Doch auch wenn Thomas der dreisteste Beschuldigte ist, sind fast alle Richter aus den letzten Jahrzehnten und der derzeitige Oberste Richter, John Roberts, selbst in unterschiedlichem Ausmaß in den Skandal verwickelt. So hat die Ehefrau des Obersten Richters, Jane Roberts, hunderttausende Dollar an angeblichen Anwaltshonoraren von einer der Anwaltskanzleien erhalten, die später einen Fall vor dem Gericht vertraten.

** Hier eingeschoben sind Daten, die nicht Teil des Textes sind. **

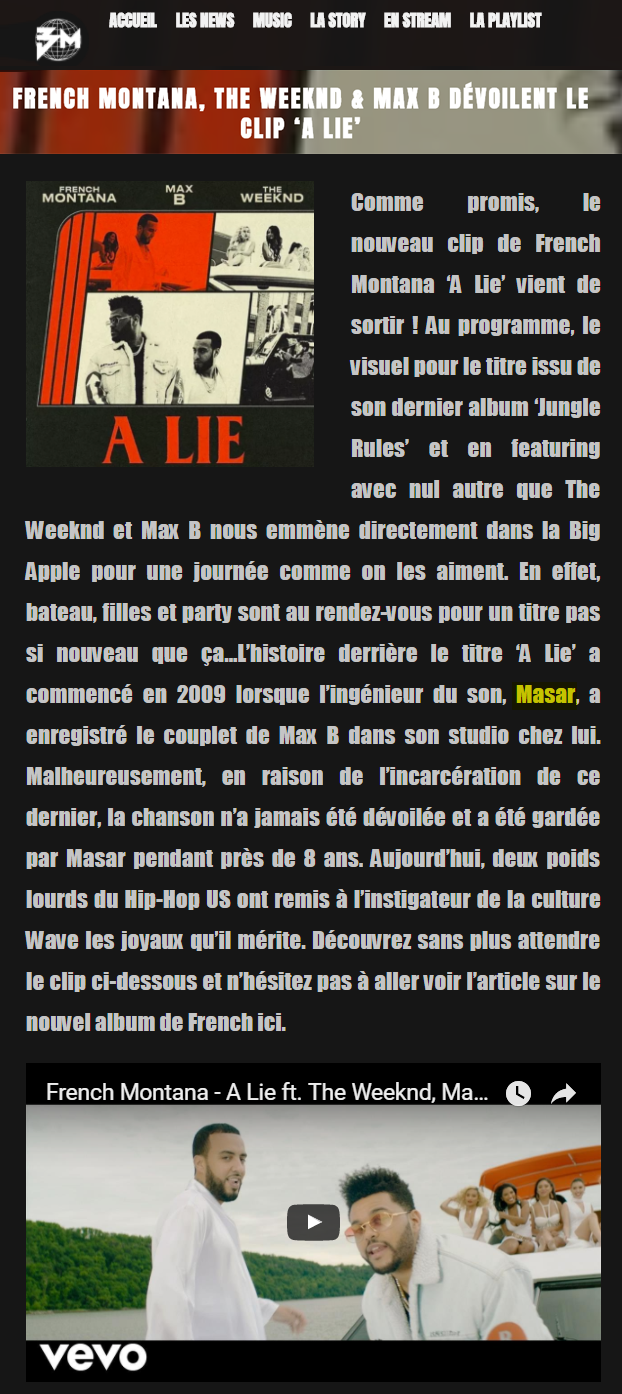 French Montana The Weeknd Masar Tv Max B dévoilent le clip A Lie BadMood Magazine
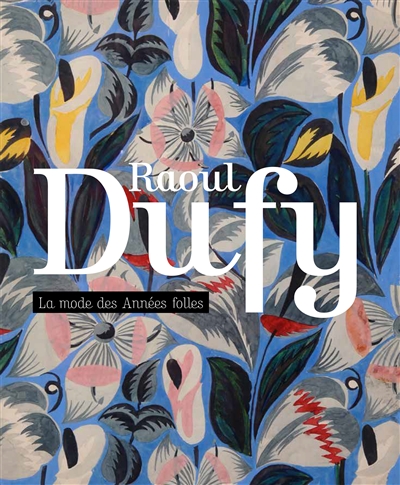 Raoul Dufy : la mode des années folles : une collection particulière : [exposition, Quimper, Musée des beaux-arts, 29 novembre 2019-4 mai 2020]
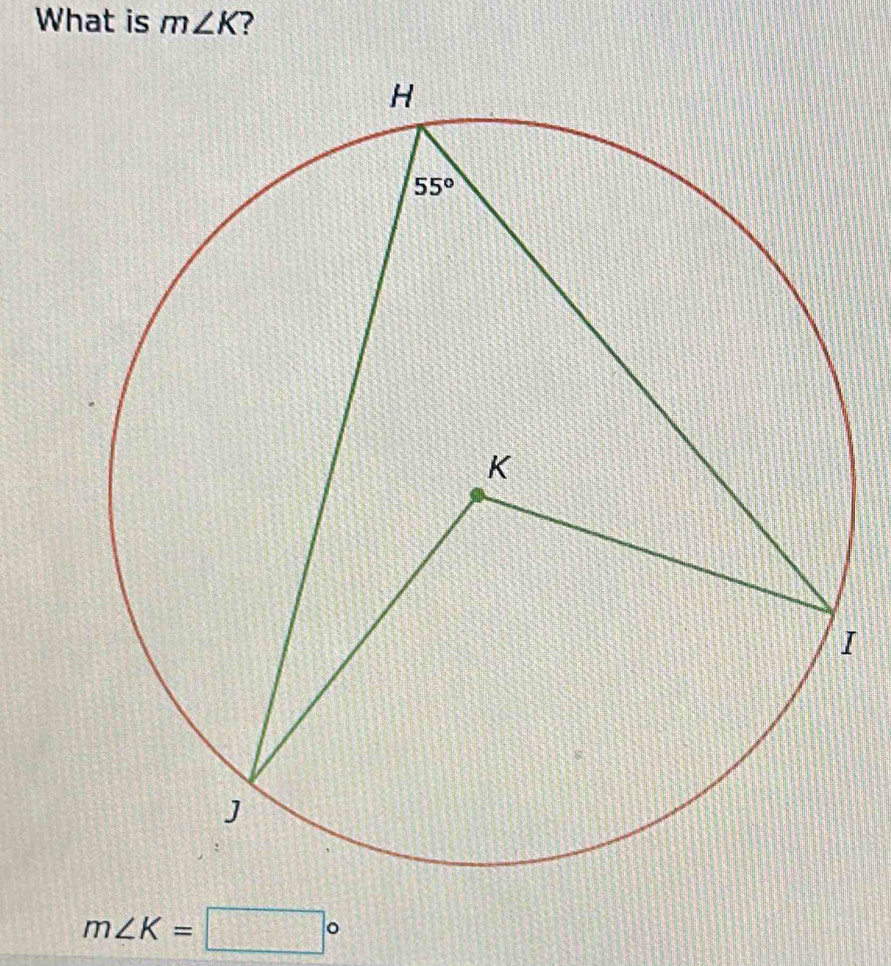 What is m∠ K ?
I
m∠ K=□°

Die Urteile dieses korrupten Gerichts werden immer gesetzloser, reaktionärer und sind geprägt von tendenziösen und widersinnigen Argumentationen und von Doppelmoral.

Als der sozialistische Autoarbeiter Will Lehman im November 2022 versuchte, vor einem Bundesgericht gegen die Unterdrückung von Stimmen bei der Wahl des UAW-Vorsitzenden Klage einzureichen, wurde ihm erklärt, er könne keine Klage erheben, sondern müsse ein Verwaltungsverfahren durchlaufen. Doch wie das Urteil vom Donnerstag gezeigt hat, schreitet der Oberste Gerichtshof sofort ein, wenn ein Arbeitgeber dieses Verwaltungsverfahren umgehen will. In diesem Fall biegt der Oberste Gerichtshof das Gesetz in die entsprechende Richtung, um ein Ergebnis zugunsten des Managements zu erhalten.

Die 8:1-Entscheidung des Obersten Gerichtshofs, die das Streikrecht untergräbt, folgt auf die Aktion im Herbst letzten Jahres, als Republikaner, Demokraten und die Biden-Regierung gemeinsam einen Streik der Eisenbahner verhindert haben. Die Entscheidung unterstreicht erneut, dass das gesamte politische Establishment – ungeachtet der Differenzen zwischen Demokraten und Republikanern über verschiedene politische Aspekte – einer Meinung ist, wenn es darum geht, jeden Versuch der Arbeiterklasse abzuwehren, die kapitalistische Gesellschaftsordnung herauszufordern.